▶ [DIRECTIONS FOR THIS TASK]: Reproduce the whole listing exactly, omitting any picture it holds.

=== Begin Enclosure ===

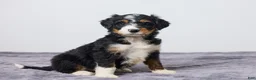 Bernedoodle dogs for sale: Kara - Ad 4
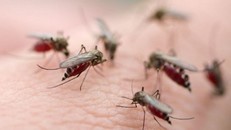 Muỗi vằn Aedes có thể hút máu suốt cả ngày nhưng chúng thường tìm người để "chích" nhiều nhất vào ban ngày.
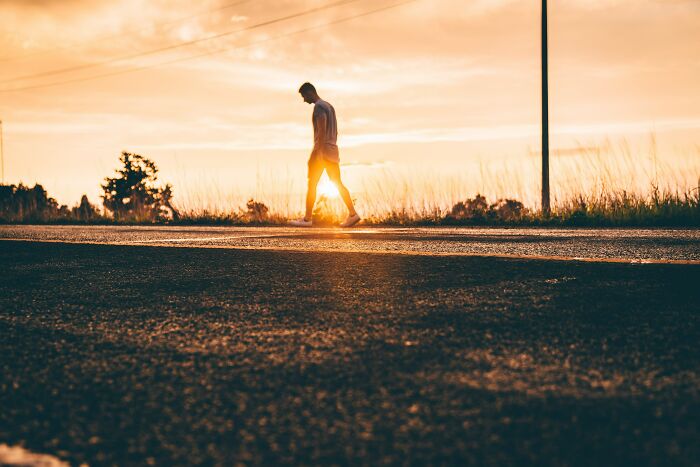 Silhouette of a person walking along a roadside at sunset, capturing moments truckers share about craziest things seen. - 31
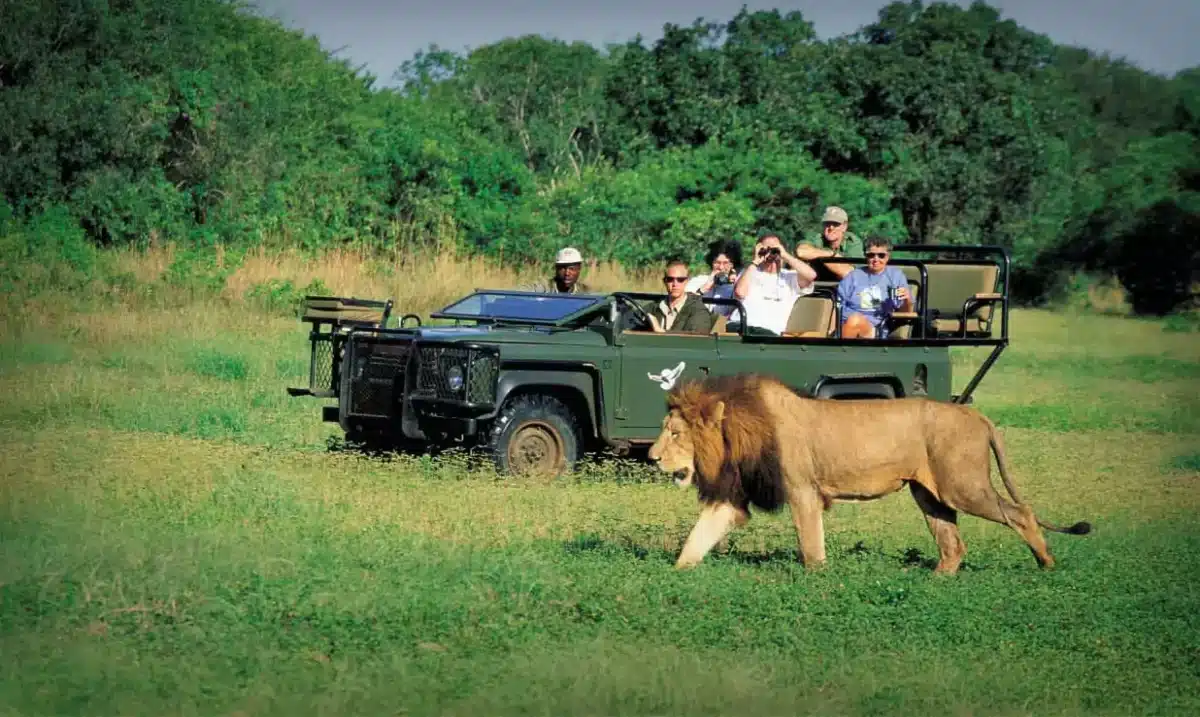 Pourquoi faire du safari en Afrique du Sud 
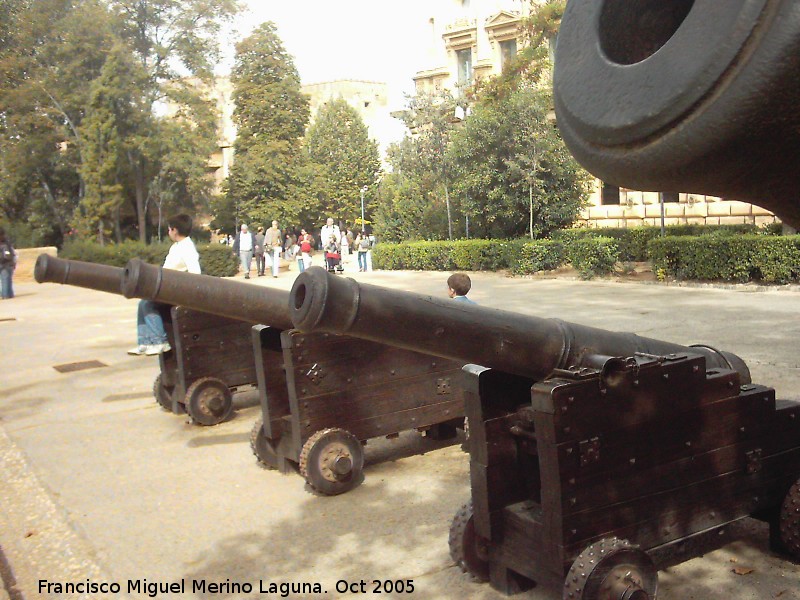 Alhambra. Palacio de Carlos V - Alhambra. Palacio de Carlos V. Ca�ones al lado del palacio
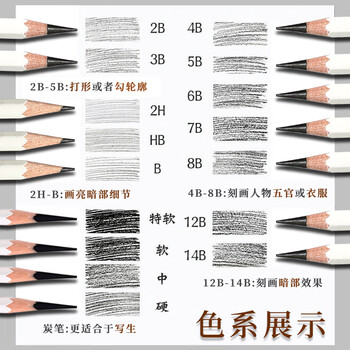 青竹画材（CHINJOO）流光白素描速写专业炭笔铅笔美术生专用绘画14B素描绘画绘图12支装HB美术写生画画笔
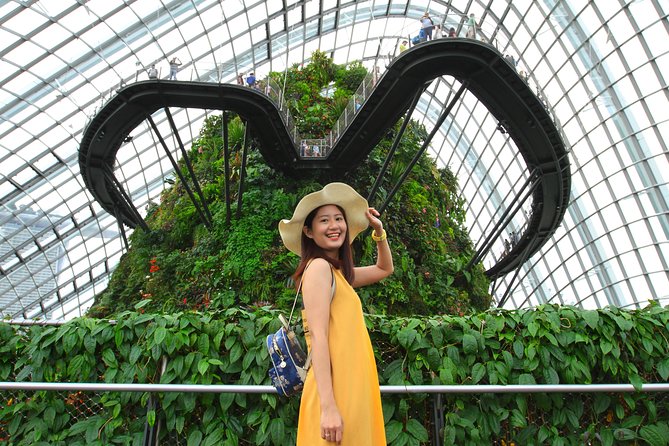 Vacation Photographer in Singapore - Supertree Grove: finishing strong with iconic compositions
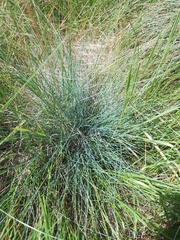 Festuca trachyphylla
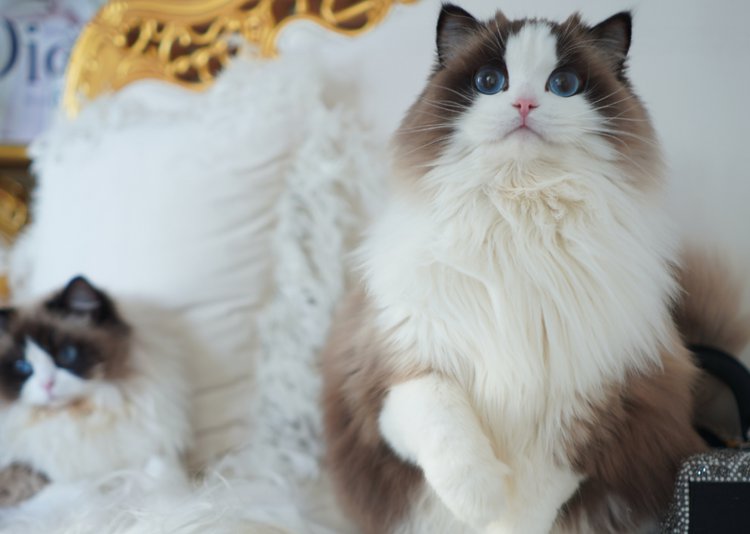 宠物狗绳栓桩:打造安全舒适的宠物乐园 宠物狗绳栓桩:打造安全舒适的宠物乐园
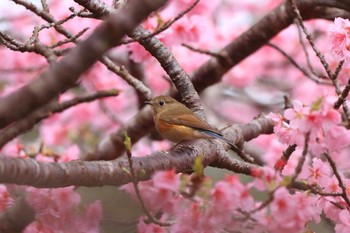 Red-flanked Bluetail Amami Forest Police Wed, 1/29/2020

=== End Enclosure ===

▶ [REPLY TO THE EXERCISE]:
 Bernedoodle dogs for sale: Kara - Ad 4
 Muỗi vằn Aedes có thể hút máu suốt cả ngày nhưng chúng thường tìm người để "chích" nhiều nhất vào ban ngày.
 Silhouette of a person walking along a roadside at sunset, capturing moments truckers share about craziest things seen. - 31
 Pourquoi faire du safari en Afrique du Sud 
 Alhambra. Palacio de Carlos V - Alhambra. Palacio de Carlos V. Ca�ones al lado del palacio
 青竹画材（CHINJOO）流光白素描速写专业炭笔铅笔美术生专用绘画14B素描绘画绘图12支装HB美术写生画画笔
 Vacation Photographer in Singapore - Supertree Grove: finishing strong with iconic compositions
 Festuca trachyphylla
 宠物狗绳栓桩:打造安全舒适的宠物乐园 宠物狗绳栓桩:打造安全舒适的宠物乐园
 Red-flanked Bluetail Amami Forest Police Wed, 1/29/2020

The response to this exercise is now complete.